Dal matrimonio alla carriera, dai piccoli grandi problemi quotidiani alle decisioni difficili della vita, è lei a mantenere gli equilibri e a gestire il menage familiare. Lo afferma una ricerca del British Psicological Society: volontà e tenacia sono caratteristiche tutte femminili, mentre il maschio si rivela essere il nuovo sesso debole. Accade molto spesso che sia lui a crollare, fuggire, mollare la presa. Mentre è lei a tenere saldo il timone della nave, affrontando piccole e grandi difficoltà quotidiane, problemi di salute, inconvenienti sul lavoro o complessi rapporti coi figli. Dei 986 individui tra i 20 e i 55 anni intervistati dalla British Ps. Society ben il 74% delle donne si ritiene il “sesso forte”, contro un 46% di uomini convinti di portare ancora loro i pantaloni.

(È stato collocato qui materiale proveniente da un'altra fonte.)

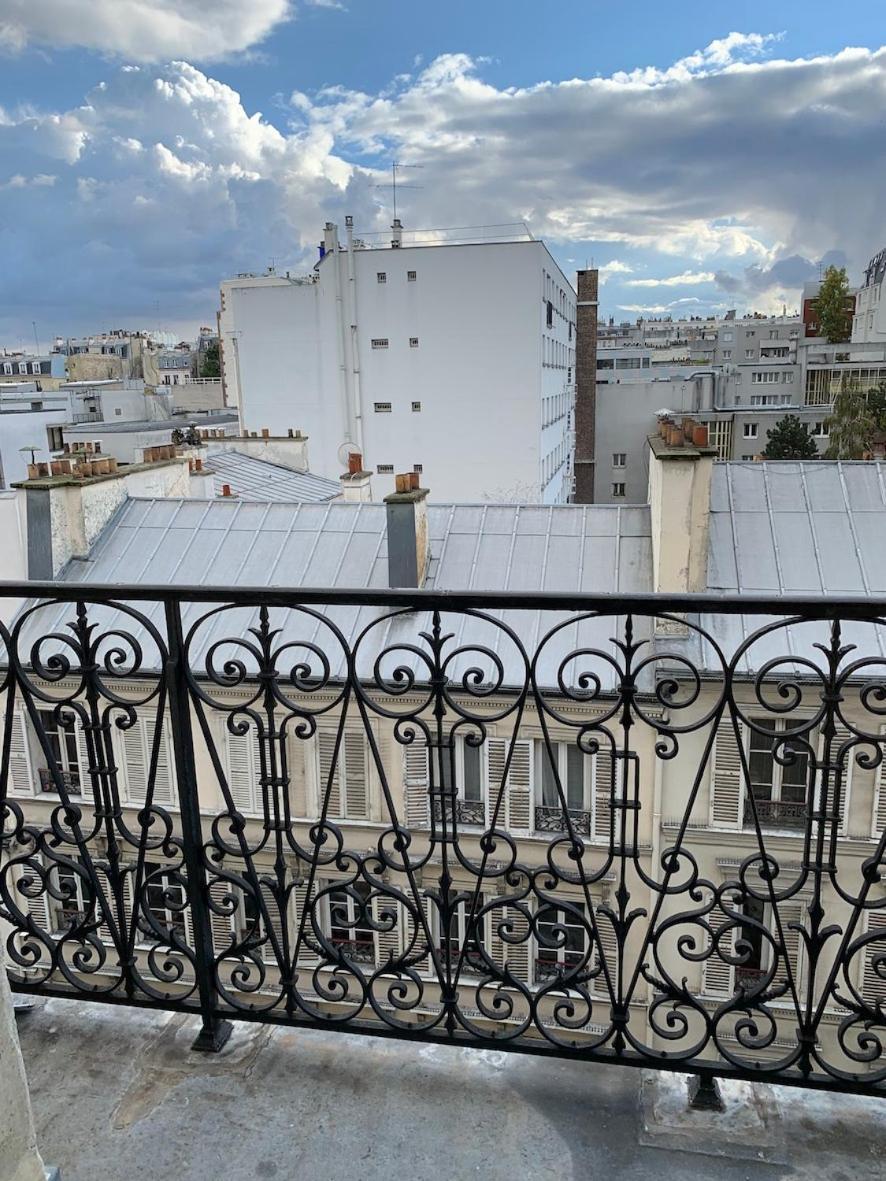 Stylish Flat With Balcony Facing South Guest house Paris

LO SCETTRO DEL COMANDO? LO HA LEI – Le figure femminili forti che emergono dalla ricerca sono essenzialmente due. La competitiva (28%): è incapace di perdere, per lei tutto diventa una sfida da vincere a tutti i costi, per dimostrare a tutti coloro che gli stanno intorno, come fossero il suo pubblico, la sua ferrea determinazione. La convivenza e l’interazione con lei risulta alquanto difficile. E la forza di volontà si confonde con il semplice “io voglio” dell’inguaribile egoista. La lady di ferro (18%): è molto femmina. Più dura degli uomini, esercita la sua forza di volontà per dimostrare lo spessore della sua corazza, senza mai mettere in discussione la sua femminilità. Più che gli obiettivi, quello che conta è apparire inossidabile. Mai una lacrima, mai un momento di debolezza, la lady di ferro cerca di nascondere il più possibile ogni insicurezza.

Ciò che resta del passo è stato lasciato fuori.